Arviat-raised singer releases second English-Inuktitut Christmas album

By SARAH ROGERS

Arviat-raised singer Susan Aglukark has just put out a new Christmas album called Dreaming of Home. (PHOTO COURTESY OF AGLUKARK ENTERTAINMENT INC.)


Arviat-raised singer Susan Aglukark has just put out a new Christmas album called Dreaming of Home. (PHOTO COURTESY OF AGLUKARK ENTERTAINMENT INC.)

The Arviat-raised singer and songwriter Susan Aglukark may have now spent most of her life living outside Nunavut, but she says the homesickness has never left her.

And that feeling inspired the name of her newest album, Dreaming of Home, a collection of Christmas and family songs that make up the three-time Juno award-winner’s seventh album.

Dreaming of Home is a series of songs which aren’t all Christmas-themed, but they’re all linked to home, family and the holidays — three things Aglukark said she cherishes.

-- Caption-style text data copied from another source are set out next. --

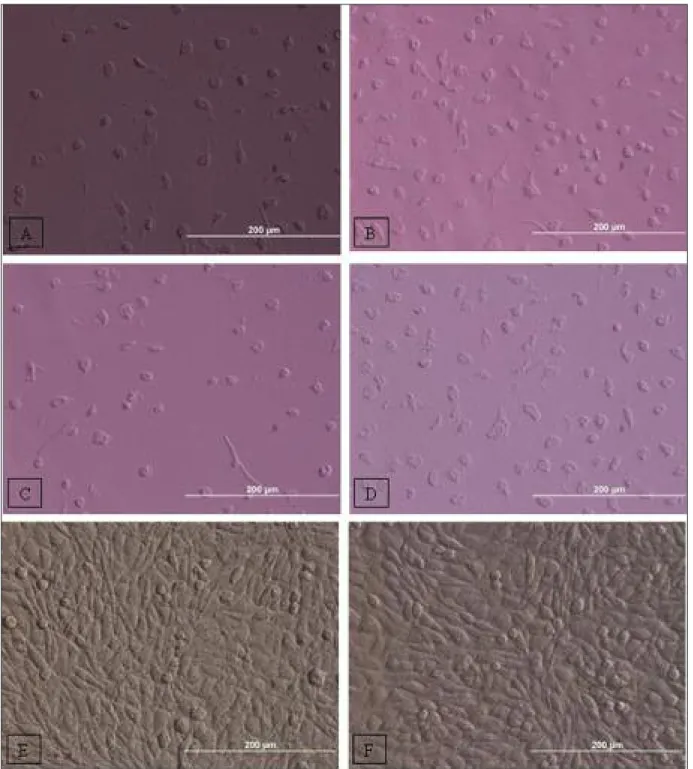 FIGURE 5: Cell morpology at day 4 in different dilutions of Nasodren. A, B, C, D, E and F represent 1:25, 1:50, 1:100, 1:200, 1:400 dilutions of Nasodren and control, respectively (10x20).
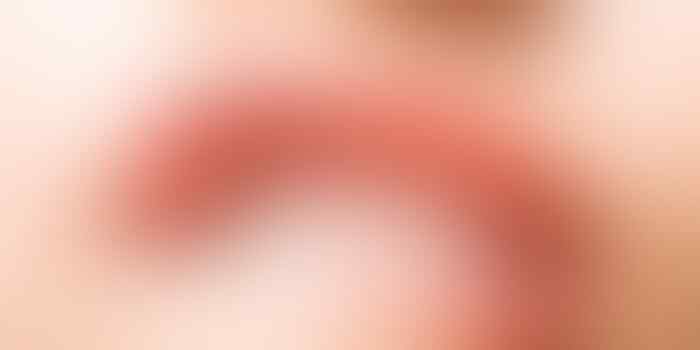 Kupas Tuntas Misteri 'Obat Tetes Mata Dicampur Soda' Ternyata Berbahaya! (Khusus 18+)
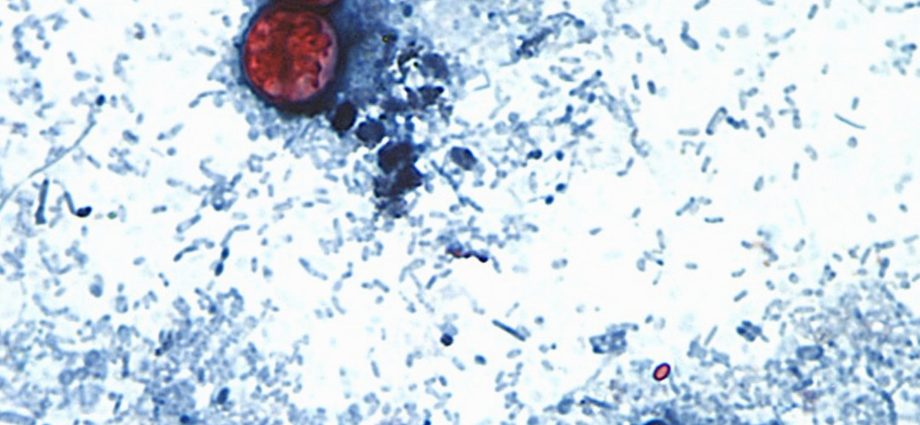 us-announces-first-two-deaths-from-cyclospora-outbreak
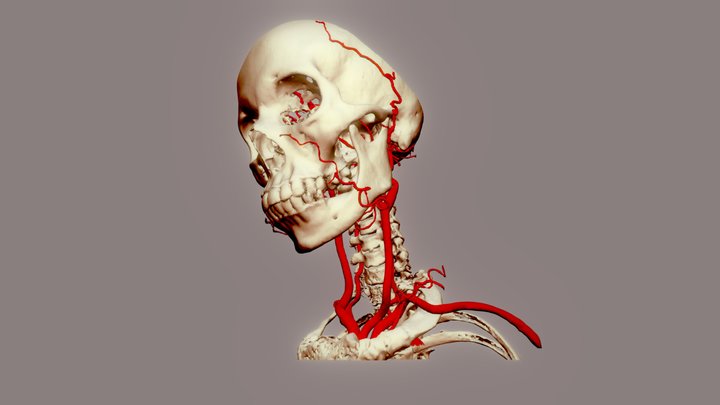 Arteries of head & neck 3D Model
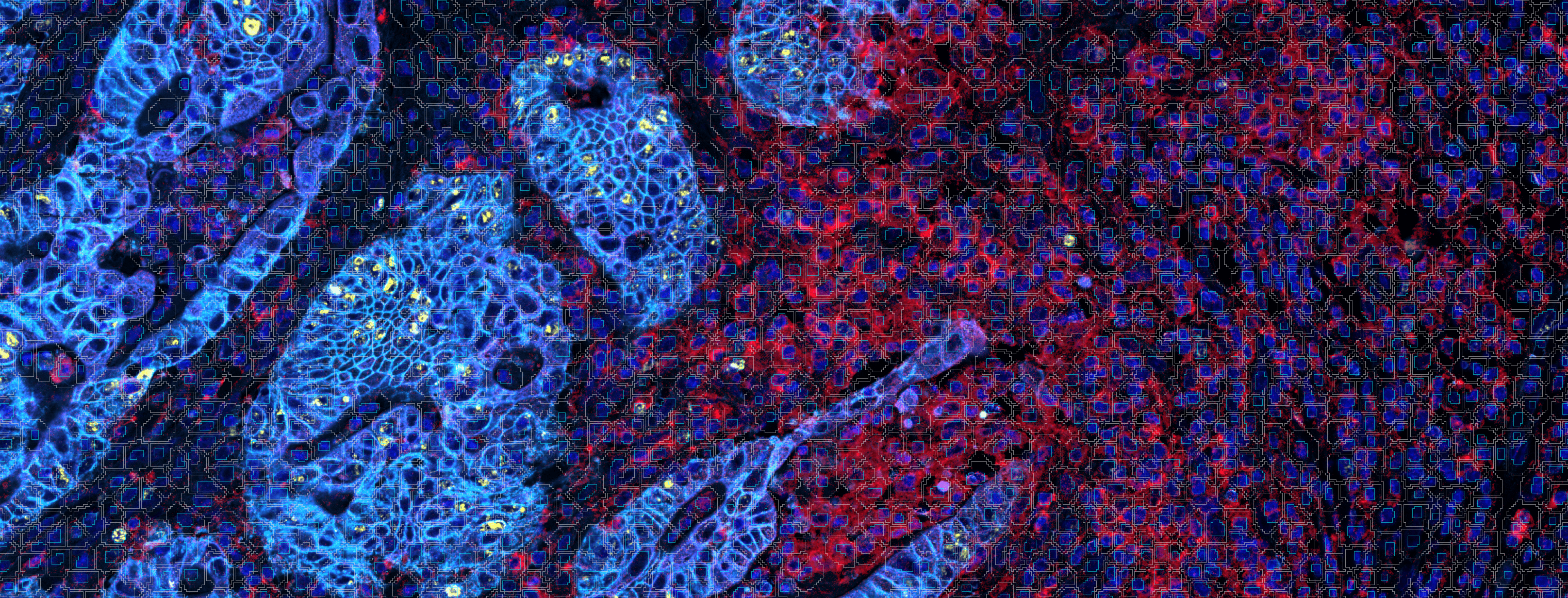 A Guide to Cell Segmentation in Multiplex Tissue Imaging with AI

“I’m always homesick for home,” she said in an interview from her Toronto-area residence. “But Christmastime is when it’s that much more poignant.”

There are the Christmas standard carols: “Silent Night,” “Do you hear what I hear?” and “Oh come Emmanuel,” sung in both English and Inuktitut.

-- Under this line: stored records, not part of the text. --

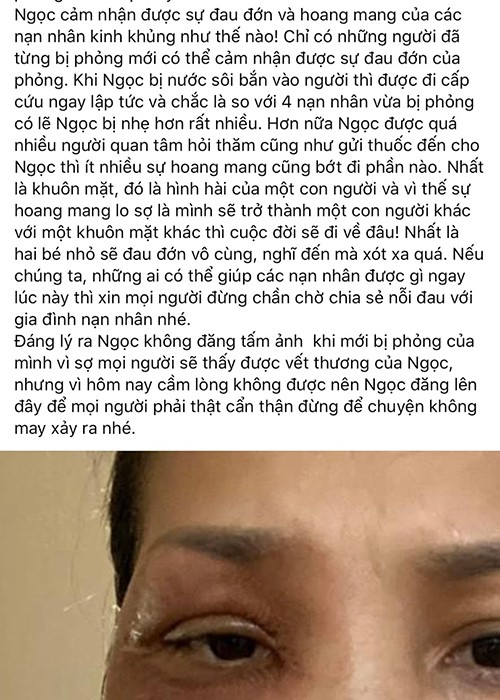 Gương mặt của  Hồng Ngọc bị bỏng nặng vào ngày 9/5. Ngoài mặt, ngực và cánh tay của nữ ca sĩ cũng bị ảnh hưởng.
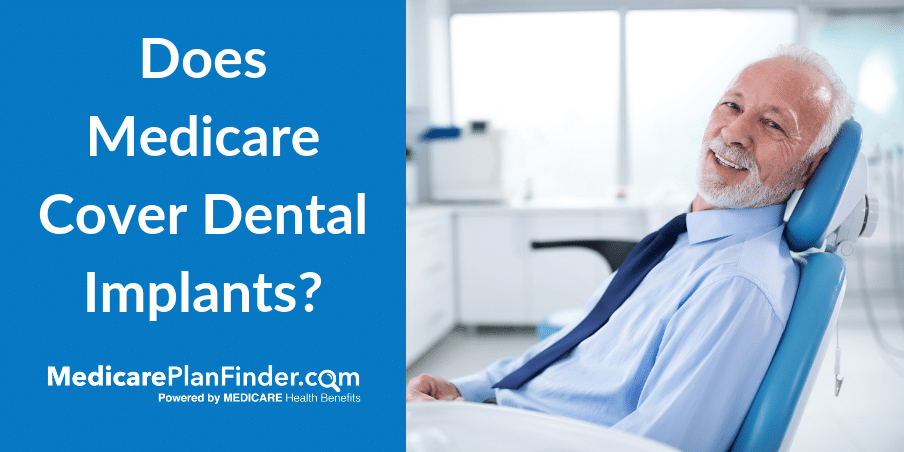 What does Denti Cal cover for adults 2021?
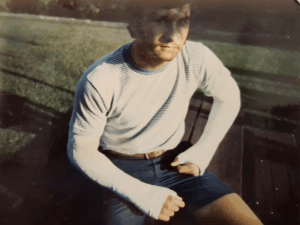 Former NFL quarterback and Legacy Donor Bill Demory with casts on his arms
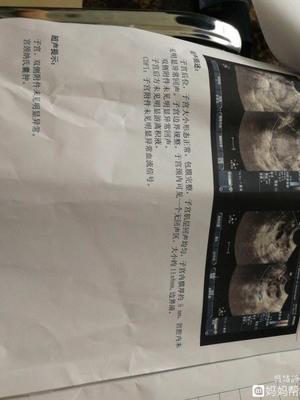 宫颈纳氏囊肿会影响怀孕吗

There’s a version of the “Huron Carol,” a Canadian carol originally written in the language of the Huron/Wendat nation, now translated and sung in Inuktitut.

But Aglukark also digs deeper into her family roots, covering the Scottish folk ballad “Caledonia,” written by Doug Maclean.

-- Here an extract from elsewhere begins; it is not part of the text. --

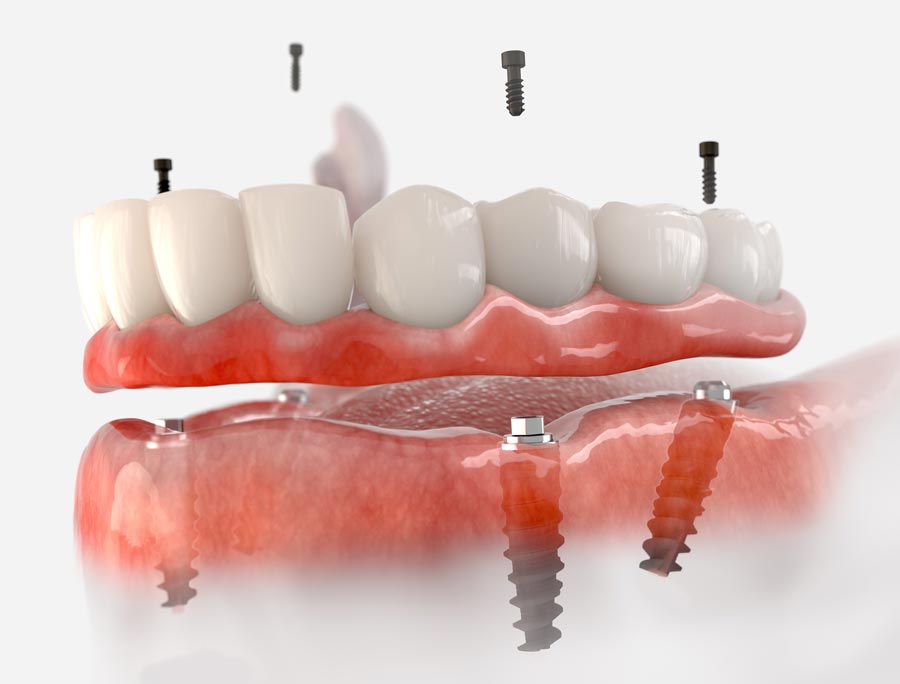 Implantes Dentales en un Solo Día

“They’re all songs that mean more to people than one day of the year, where we’re allowed to just be,” she said.

Aglukark gets home to Arviat and Rankin Inlet regularly, where Christmas is centred on a traditional feast.

She uses the word “traditional” carefully, though; it was only the generation of Aglukark’s parents who began to really celebrate Christmas, making it a relatively new holiday to most Inuit living in the community.

“But the thing we look forward to most, like anywhere in the world, is the family time together,” she said. “It’s a big day having everyone together.”

Dreaming of Home isn’t Aglukark’s first foray into holiday cheer; she put out an album called Christmas in 1993.

Aglukark even re-recorded some of the songs that appeared on that first Christmas album, but 20 years later, this newest album will likely sound different to long-time fans.

“I don’t know if the music has changed as much,” she said. “But your singing changes a lot in 20 years. As an artist, you’re more confident as a musician and a performer.”

Aglukark was launched almost unexpectedly into the business in the early 1990s, when she started performing as a singer — a side gig to a job she then held with Inuit Tapirisat of Canada.

Aglukark said she never learned to read or write music. She only began taking vocal lessons five years into her music career.

“I had a lot to learn,” she said. “While 20 years later, it’s really come together— it was what I was dreaming of my whole life.”

Aglukark supplements her music career with speaking engagements across the country. She talks to groups about how she navigated her rise to success, and also about the history of Canadian Inuit.

A newly-launched Christmas campaign through Aglukark’s Arctic Rose Fund sent its first box of non-perishable food to the Nuatsivik food bank in Iqaluit last week.

Aglukark plans to send a box each week from between now and Christmas. The Arctic Rose Fund, named after her popular album and song, Arctic Rose, is accepting food donations and paying to have them shipped north.

The goal is to encourage and assist all Nunavut’s food banks to become registered — only Iqaluit’s food bank is regitered currently — so the fund can help food banks feed families over the holidays, Aglukark said.

“The need is there all the time,” she acknowledged,” but we’re mailing and shipping these packages to guarantee they get there [for Christmas].”